Стиви осторожно переступила порог. Если Ларри решил показать ей систему безопасности, тому была причина. Он сел на стул и набрал что-то на клавиатуре. На одном из мониторов появилось имя Стиви, и он начал смотреть весь путь, проделанный ею утром, только в обратном порядке. Вот она у дверей Гранд-Хауса. Теперь к нему подходит. А вот в одиночестве идет по дорожке. Останавливается, чтобы посмотреть на камеру, и бросает на нее хмурый взгляд. Теперь выходит из столовой. А вот крупные планы Нейта, Джанелль и Стиви, когда они идут на полдник…
– И какой в ее основе принцип? – спросила она. – Распознавание по лицам?
– Порой система ошибается, ночью от нее толку мало, но в целом неплохо. Кроме того, во многих местах есть сенсоры, способные с расстояния шести футов прочесть твою личную карточку. Их называют «слушающими постами». Всего таких восемьсот штук.
Он нажал клавишу ввода, и кадры с ее изображением исчезли.
– Дело вот в чем, – сказал Ларри, – люди не склонны без причины менять свое поведение.
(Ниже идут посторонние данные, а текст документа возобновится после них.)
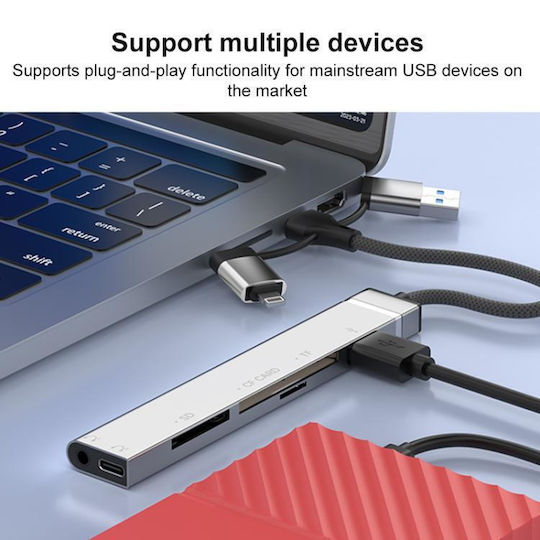 USB-A / USB-C Докинг станция с 4K PD Ethernet Сребрист (EDA008407101A)
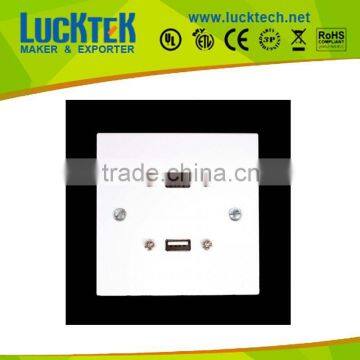 Double USB A Wall Plate (2 x USB A Female - Female Fly lead) Single Gang White Faceplate
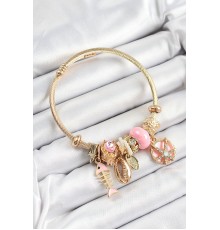 316L Çelik Pembe Zirkon Taşlı Balık Deniz Kabuğu Ve Deniz Yıldızı Model Gold Renk Charm Bileklik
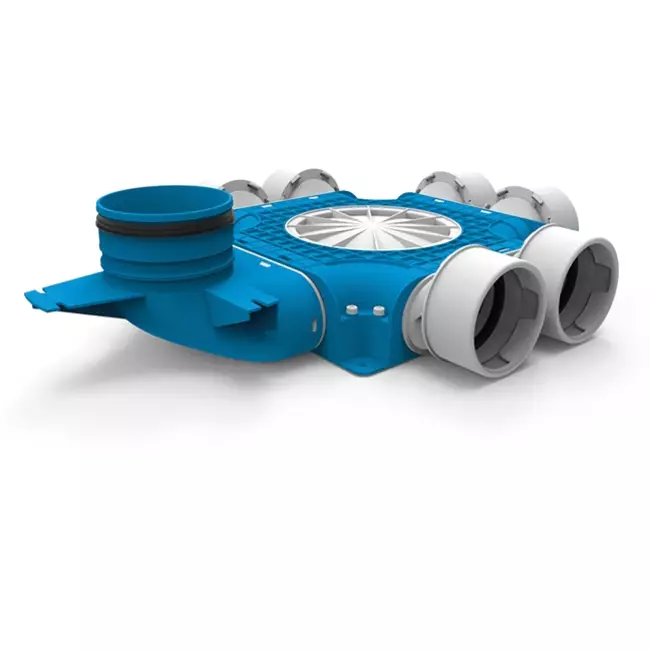 Rozdzielacz kompozytowy UniflexPlus 6x Ø90mm z króćcem pionowym Ø125mm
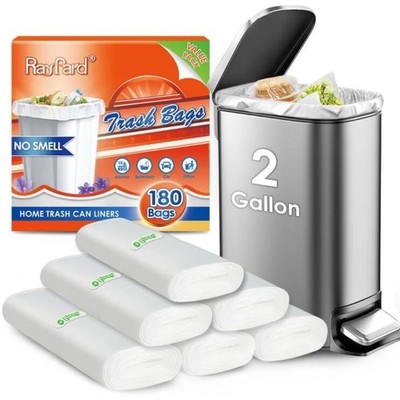 180 Counts 2 Gallon Small Trash Bags 1.8 to 2 Gal Garbage Bags for 1.6 1.8 2 2.2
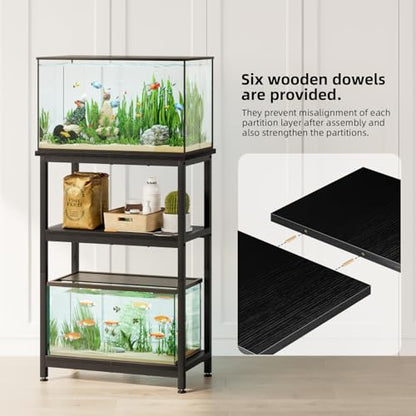 APPOLYN 5-10 Gallon Fish Tank Stand, Metal Aquarium Stand with Storage, 3-Tier Shelf Tank Stand, 10 Gallon Fish Tank Stand with 20.5" L x 11.4" W Tabletop, Black
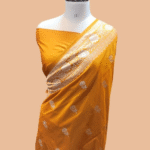 Yellow Pure Banarasi Katan Silk Saree with Roopa Sona Zari Floral Weaving and Handloom Border for Wedding and Festive Wear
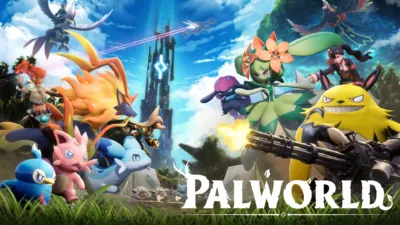 人気ゲーム「Palworld」のキービジュアル。人間キャラクターと多様なパルたちが、未来的な塔や自然豊かな世界で冒険や戦闘を繰り広げる様子が描かれており、アクション満載のファンタジー世界観を表現しています。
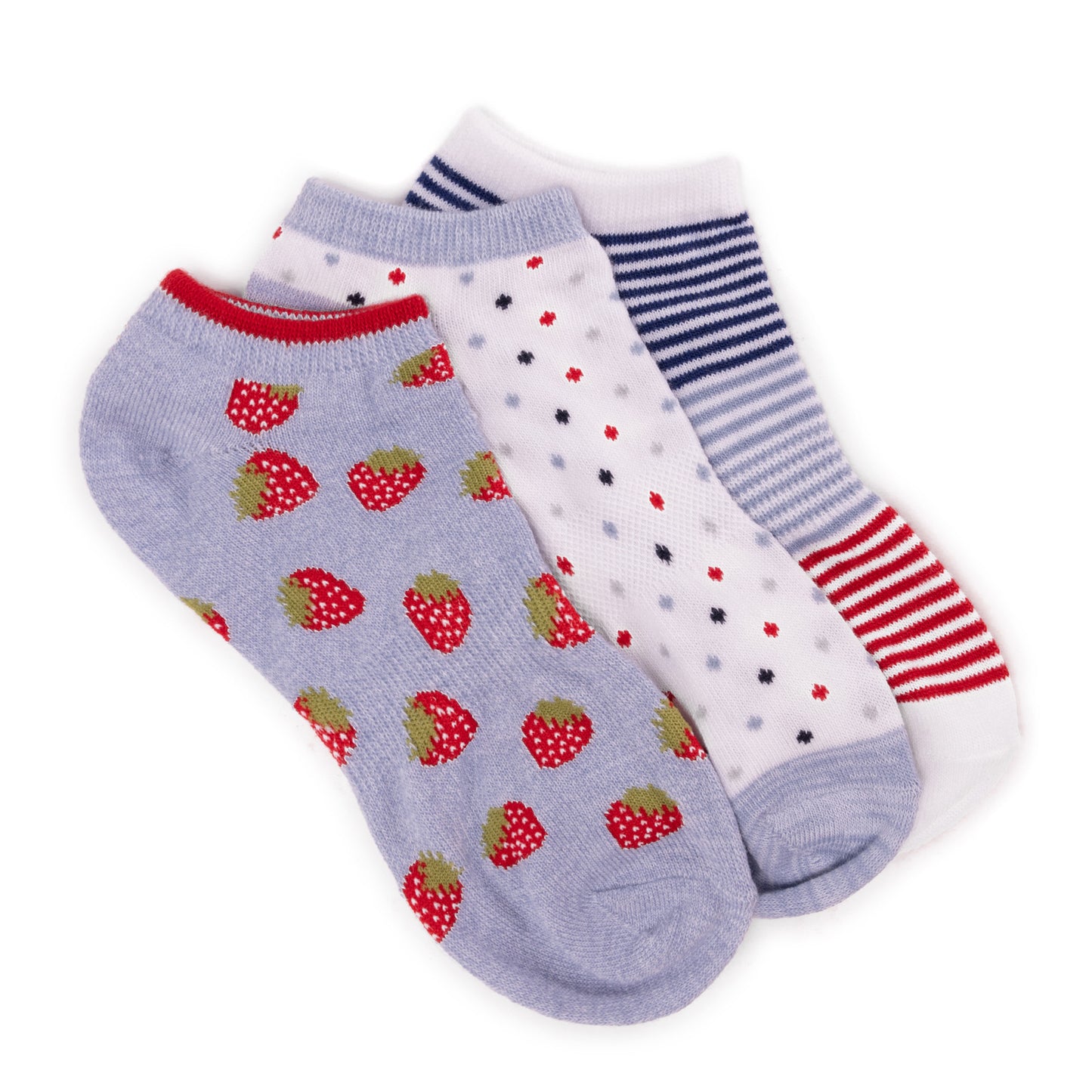 Peltz Shoes Women's Muk Luks Ankle Socks - 3 Pack Strawberry Mix 29995-995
Но стоит им объяснить, зачем…
– Все ясно, – ответила Стиви, – я поняла, вы видите каждый шаг.
Ларри растопырил указательный и средний пальцы, показал ими сначала на свои глаза, потом на ее.
– Поэтому все дальнейшие расследования ты оставишь соответствующим властям. Да и вряд ли они будут, какие-то следственные действия.
– Оставить. Соответствующим. Властям, – промолвила Стиви. – Я поняла.
– Отлично. Тебя ждут наверху. Кабинет ты знаешь.
Девушка вышла обратно в главный холл и поднялась по широкой парадной лестнице. На площадке между пролетами висел портрет семьи Эллингэм, написанный ее другом Леонардом Холмсом Нейром. Просто пройти мимо этого полотна не представлялось возможным. Оно приказывало на него посмотреть. Не очень большое, фута четыре высотой, что по сравнению с размерами зала было сущей ерундой. В первую очередь оно поражало цветом – голубыми и желтыми тонами, кружившими вихрями, соскальзывавшими вниз на лики членов семьи. Тела воспринимались практически как второстепенные детали; центром внимания были лица, сливавшиеся с деревьями и луной. Картина больше напоминала собой пейзаж – лики поглощала собой линия горизонта, отделяя друг от друга, выталкивая из мира.